Jesse told her he had been at Heather’s viewing. He described the kid pacing out front, smoking a cigarette. “He had dark blond hair and red-rimmed blue eyes.”

“Oh,” Maryglenn said, obviously disappointed, and plopped into a beat-up and scarred brown leather chair. “That’s Chris G.”

“G.?”

“Chris Grimm,” she said. “Told me once the family had changed their name from Grimolkowicz.”

Jesse laughed. “I could understand that. Tough name to handle. Tell me about him.”

“Kind of a shy, intense kid. A lot going on inside his head.”

“Did you ever see him together with Heather?”

“Not that I recall. Different types, Chris and Heather. She was a cheerleader and he was, you know, the brooding punk type.
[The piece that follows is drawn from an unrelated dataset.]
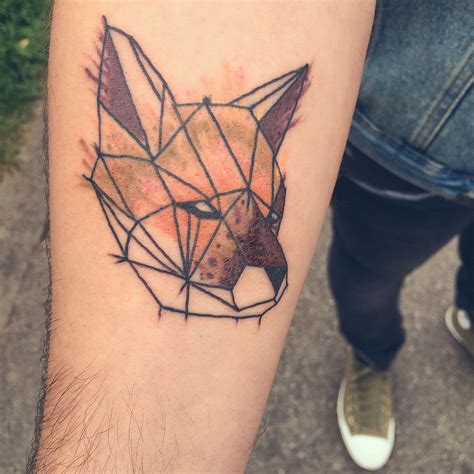 Geometric Fox Tattoo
An outsider.”

“You sound sympathetic to him.”

“I was him, sort of,” she said. “Artists aren’t usually the popular kids with the rah-rah, sis-boom-bah ethic. You were a star athlete, so you probably knew lots of Heathers.”

Jesse wanted to deny it, but lying wasn’t his thing. “I did.”

Then he did something he couldn’t quite believe he was doing. He walked over to where Maryglenn was sitting, put down his bottled water, and lifted her out of the chair. He started to say something but just kissed her instead. The first kiss was a tentative one. He had to be certain he hadn’t misread her. The way she kissed him back indicated that he hadn’t, and things took their course from there.